Appel de textes – «Revue Recherches Féministes» : «Féminismes et lesbianismes : hier et aujourd'hui, ici et ailleurs»

Appel de textes
Communauté

« FÉMINISMES ET LESBIANISMES : HIER ET AUJOURD’HUI, ICI ET AILLEURS »

Revue Recherches Féministes : vol. 33, no 2 - 2020

  • Sous la direction de Manon Tremblay et Julie Podmore

Comme le porte à penser l’étiquette de lesbiennes féministes, le féminisme et le lesbianisme semblent entretenir une relation symbiotique, en tant qu’ensembles de discours et de pratiques relatives aux femmes et à leurs conditions sociales d’existence. Pourtant, l’histoire d’ici et d’ailleurs est riche d’épisodes où le féminisme et le lesbianisme ont transigé en ayant recours à la confrontation plutôt qu’à la sororité.

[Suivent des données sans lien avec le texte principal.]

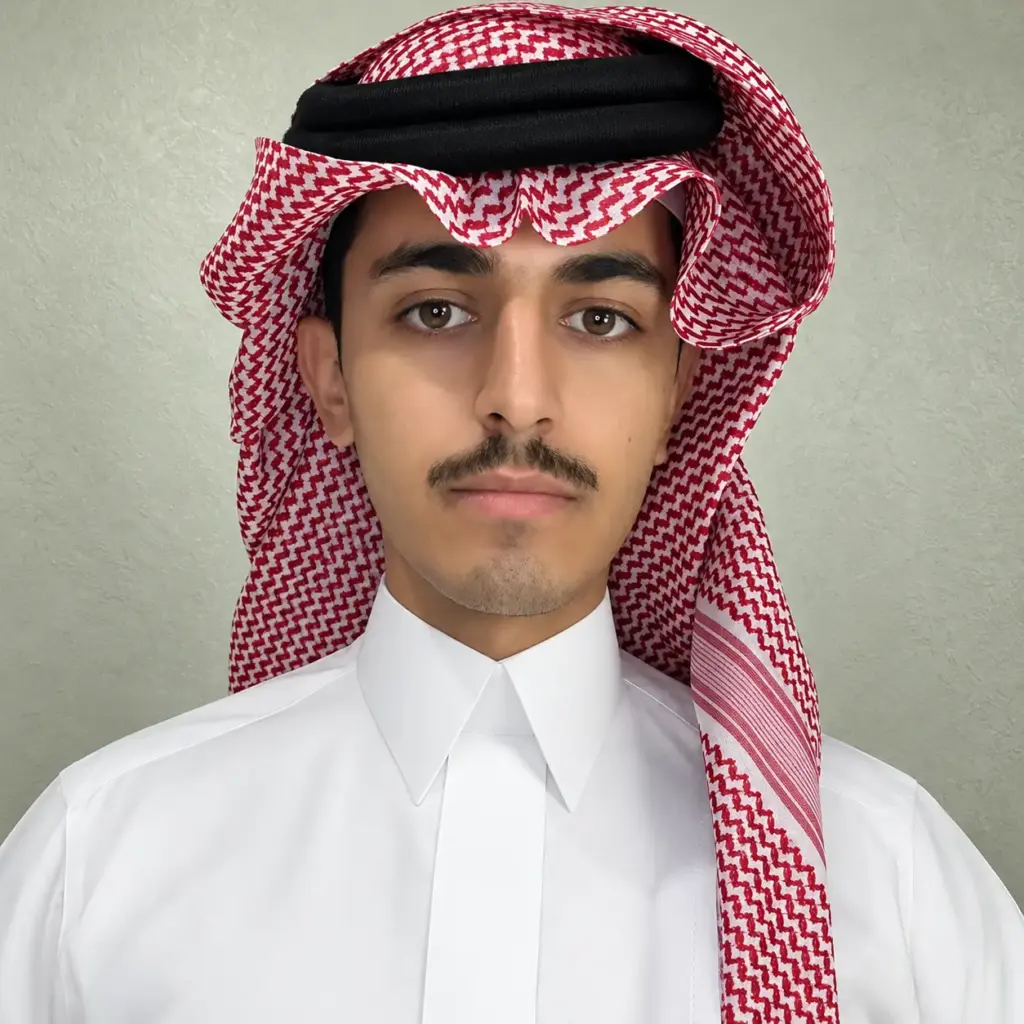 وضع الشماغ على الرأس وضبط الطرفين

Ainsi, certaines féministes ont vu dans la présence de lesbiennes au sein du mouvement féministe une menace à son image publique et à sa légitimité sociopolitique, tandis que des lesbiennes ont formé leur mouvement autonome en réponse à la lesbophobie qu’elles disaient percevoir dans le mouvement féministe. Malgré cette sortie, plusieurs lesbiennes sont restées à l’intérieur de mouvements féministes. Aujourd’hui, alors que les mouvements féministe et lesbien se déploient à l’échelle transnationale et avalisent l’intersectionnalité comme principe d’analyse et d’action, les interactions entre mouvements LGBT (réunissant des personnes lesbiennes, gaies, bisexuelles et transgenres), queer et transféministe génèrent de nouveaux défis.

Le numéro thématique de la revue Recherches féministes à paraître en 2020 sur le sujet vise à explorer les relations entre féminismes et lesbianismes. L’objectif est d’examiner leurs discours et leurs pratiques en fait de continuités et de ruptures ainsi qu’au regard de leurs modes d’hybridation sous l’influence d’autres forces sociétales (comme le colonialisme, le nationalisme et le néolibéralisme). Reposant sur une finalité ainsi largement définie, ce numéro accueillera :

1) des analyses thématiques portant sur une problématique en particulier, qu’il s’agisse d’un événement ou d’un argumentaire. Ces textes pourraient examiner, par exemple, les critiques féministes envers les performances « butch femme », les critiques formulées par certaines lesbiennes envers l’« hétéroféminisme », les rapports entre les lesbiennes féministes et radicales et, plus récemment, ceux qui confrontent les lesbiennes aux mouvements LGBT, queer et transféministe;

2) des analyses historiques sur l’évolution des rapports entre féminismes et lesbianismes qui pourraient aborder des questionnements variés (par exemple : comment ont évolué les rapports entre féminismes et lesbianismes au Québec, ou au Canada ou encore ailleurs dans le monde? Quelle est la pertinence des théories lesbiennes féministes d’hier pour les lesbiennes-féministes d’aujourd’hui? Est-il possible de penser des modes d’hybridation des discours et des pratiques des féminismes et des lesbianismes d’hier et d’aujourd’hui et, le cas échéant, quelles formes prennent-ils? Quel a été le rôle des publications, des traductions et des archives sur les identités et les mémoires lesbiennes et féministes d’hier? Quelle influence exercent, de nos jours, Internet, Facebook, Twitter, etc., à cet égard?);

3) des analyses géographiques sur la création, l’utilisation et la politisation d’espaces par les lesbiennes féministes : pourquoi ont-elles créé des espaces, comment y sont-elles parvenues et quel a été le rôle de ces espaces dans la formation des identités féministes et lesbiennes? Qui a participé à ces espaces et qui n’a pu en faire partie? Comment les espaces lesbiens se sont-ils transformés au fil des générations, tout en conservant une mémoire transgénérationnelle? Comment saisir les géographies des réseaux transnationaux des lesbiennes féministes d’hier et d’aujourd’hui?

Les propositions (300 mots) doivent parvenir à la revue avant le 1er mars 2019. Les manuscrits (7 000 mots) doivent être soumis au plus tard le 1er février 2020 et respecter le protocole de publication.

Ils doivent être transmis au secrétariat de la revue ainsi qu’aux responsables du numéro : Manon Tremblay et Julie Podmore.